Tens um programa muito bom, em perl, que foi postado no forum do amule que te gera um ipfilter.dat para o amule usando os ranges que estao disponiveis nas paginas do deepsea e do koizo.

To'

----------

## angelwings

vou checkar esse prog  :Wink: 

tks

----------

## angelwings

acabei de testar agora o script,  está realmente o máximo.

para quem quiser aqui está o link

----------

## nafre

Opa uma coisa que nao tinha percebido e que vcs de portugal pagam por bytes trocados com servidores internacionais em determinados horarios.

Que bom que aqui pelos tropicos nao e assim  :Smile: 

Porem a nossa banda esta um pouco ruim em comparaçao com as suas  :Smile: 

----------

## angelwings

hehe, ca em portugal (quase) todos os ISP's têm limites de trafego, no meu caso que uso netcabo tenho de limites: 1GB internacional e 20GB nacional.

É triste, vivemos num país de ganâncias  :Neutral: 

----------

## nafre

 *angelwings wrote:*   

> É triste, vivemos num país de ganâncias 

 

pelo jeito tb herdamos isto de vcs...

qual seria a sua bandwidht por ai e quanto custa mensalmente.

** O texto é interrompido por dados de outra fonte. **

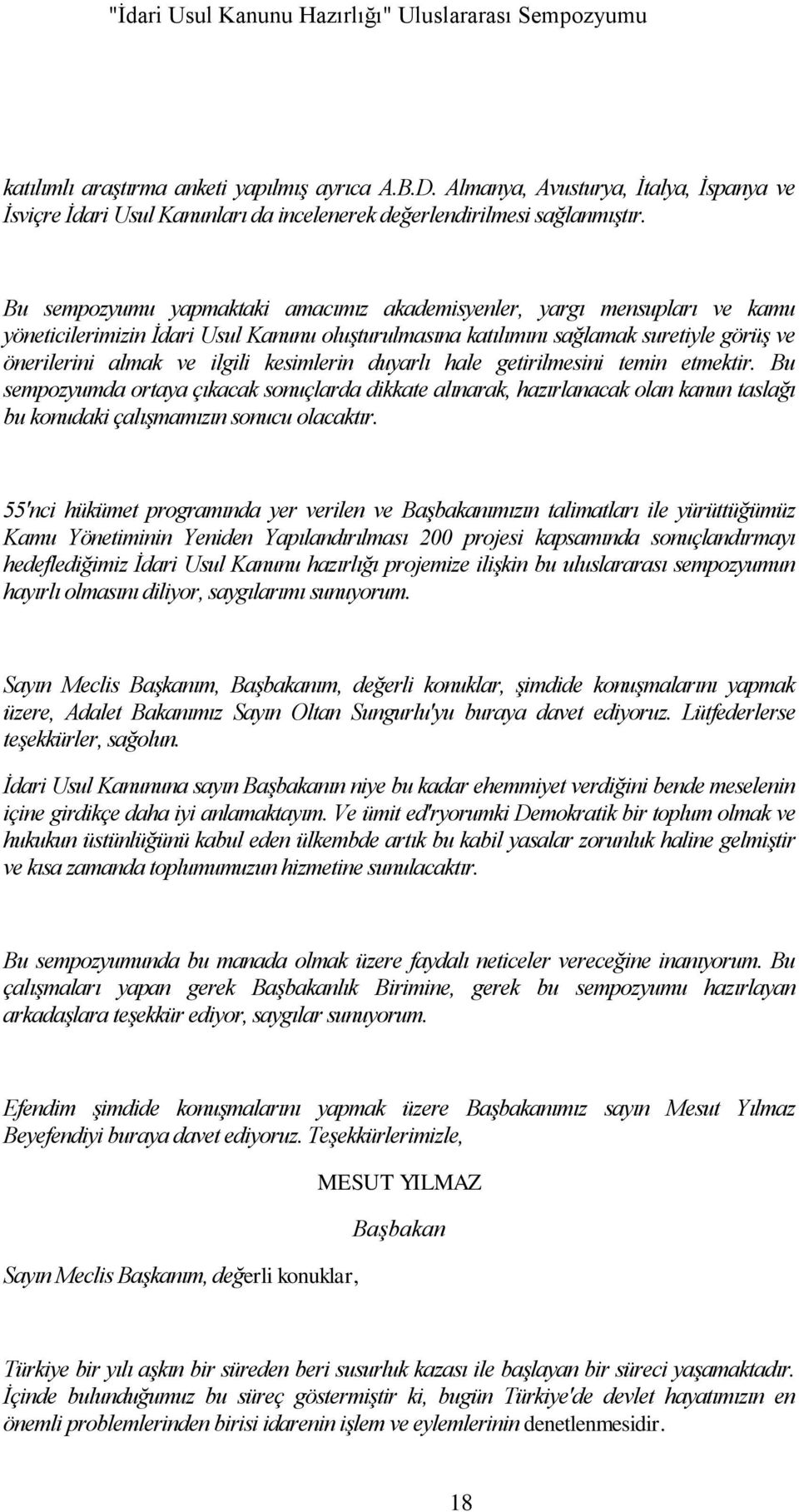 Bu sempozyumu yapmaktaki amacımız akademisyenler, yargı mensupları ve kamu yöneticilerimizin Ġdari Usul Kanunu oluģturulmasına katılımını sağlamak suretiyle görüģ ve önerilerini almak ve ilgili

pago por 256 down e 128 up o equivalente a 15 euros ( Quarenta Reais );

----------

## angelwings

down: 640Kbps | up:128Kbps

35 euros/mes

no entanto tou quase a mudar para um novo serviço adsl, que tem down: 4Mbps | up: 256KBps que custa 39 euros/mes

----------

## mascanho

So + uma cena o script feito pelo geeko (brevemente na dev team do amule) te novas funcionalidades todos os meses e convem irem fazendo o update pois novas gamas de ips sao renovadas e outras acrescentadas 

http://forum.amule.org/thread.php?threadid=4619&sid=

Parabens ao Geeko pelo maravilhoso script ke fez ke da mnto geito tanto ao ppl da netcabo como adsl de portugal, ainda pra mais esta nova versao traz features mnto mnto interessantes ...

Um abraço ao ppl do #amule da ptnet, kuisker duvisdas ja sabem n exitem ...

----------

## To

O script tem feito mesmo muito jeito, é pena a cena dos servidores... mas enfim...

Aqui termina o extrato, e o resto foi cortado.